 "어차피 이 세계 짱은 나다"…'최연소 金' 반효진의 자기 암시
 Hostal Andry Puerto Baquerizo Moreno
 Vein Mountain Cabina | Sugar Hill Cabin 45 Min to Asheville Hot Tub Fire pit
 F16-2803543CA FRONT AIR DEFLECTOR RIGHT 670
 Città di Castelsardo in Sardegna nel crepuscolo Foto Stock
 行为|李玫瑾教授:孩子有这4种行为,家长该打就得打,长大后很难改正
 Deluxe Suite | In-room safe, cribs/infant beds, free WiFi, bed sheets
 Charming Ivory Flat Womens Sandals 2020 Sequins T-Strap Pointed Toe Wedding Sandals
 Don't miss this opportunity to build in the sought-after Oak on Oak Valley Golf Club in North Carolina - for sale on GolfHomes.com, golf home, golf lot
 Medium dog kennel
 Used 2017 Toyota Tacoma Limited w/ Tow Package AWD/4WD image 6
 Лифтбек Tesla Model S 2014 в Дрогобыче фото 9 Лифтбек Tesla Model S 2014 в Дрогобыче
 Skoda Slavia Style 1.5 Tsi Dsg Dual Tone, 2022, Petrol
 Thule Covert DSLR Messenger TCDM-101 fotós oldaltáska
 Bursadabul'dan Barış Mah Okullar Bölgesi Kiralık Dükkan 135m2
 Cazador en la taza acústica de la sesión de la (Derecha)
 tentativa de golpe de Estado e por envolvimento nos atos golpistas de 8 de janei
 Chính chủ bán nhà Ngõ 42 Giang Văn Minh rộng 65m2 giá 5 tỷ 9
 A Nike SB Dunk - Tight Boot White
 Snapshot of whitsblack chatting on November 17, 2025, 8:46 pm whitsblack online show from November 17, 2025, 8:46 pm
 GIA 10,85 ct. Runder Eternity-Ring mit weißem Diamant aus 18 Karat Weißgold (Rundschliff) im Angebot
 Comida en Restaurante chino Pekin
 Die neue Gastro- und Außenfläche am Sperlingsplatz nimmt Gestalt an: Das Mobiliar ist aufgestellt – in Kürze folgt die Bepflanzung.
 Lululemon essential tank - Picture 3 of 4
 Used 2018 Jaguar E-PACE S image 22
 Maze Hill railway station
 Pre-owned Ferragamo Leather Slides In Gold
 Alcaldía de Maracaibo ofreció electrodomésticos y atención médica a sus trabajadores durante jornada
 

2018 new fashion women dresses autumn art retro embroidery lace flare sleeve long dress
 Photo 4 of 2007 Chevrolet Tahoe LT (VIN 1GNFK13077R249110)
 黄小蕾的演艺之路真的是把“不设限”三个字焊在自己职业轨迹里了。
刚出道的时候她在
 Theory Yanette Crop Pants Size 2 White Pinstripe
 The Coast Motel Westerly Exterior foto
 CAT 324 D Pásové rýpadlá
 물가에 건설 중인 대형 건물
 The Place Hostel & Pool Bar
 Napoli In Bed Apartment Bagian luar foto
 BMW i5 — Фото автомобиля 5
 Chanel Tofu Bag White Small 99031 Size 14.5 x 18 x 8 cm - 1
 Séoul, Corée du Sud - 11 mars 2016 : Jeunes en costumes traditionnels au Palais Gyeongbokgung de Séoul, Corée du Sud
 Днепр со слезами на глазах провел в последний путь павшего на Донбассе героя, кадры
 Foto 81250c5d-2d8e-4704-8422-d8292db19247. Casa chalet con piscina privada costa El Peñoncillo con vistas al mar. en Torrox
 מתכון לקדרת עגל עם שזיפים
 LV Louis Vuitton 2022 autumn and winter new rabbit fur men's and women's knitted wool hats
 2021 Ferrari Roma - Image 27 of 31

# WORK REQUEST
Give the count of lines in the listing above that hold the word "autumn", and say nothing else.

# TASK OUTPUT
2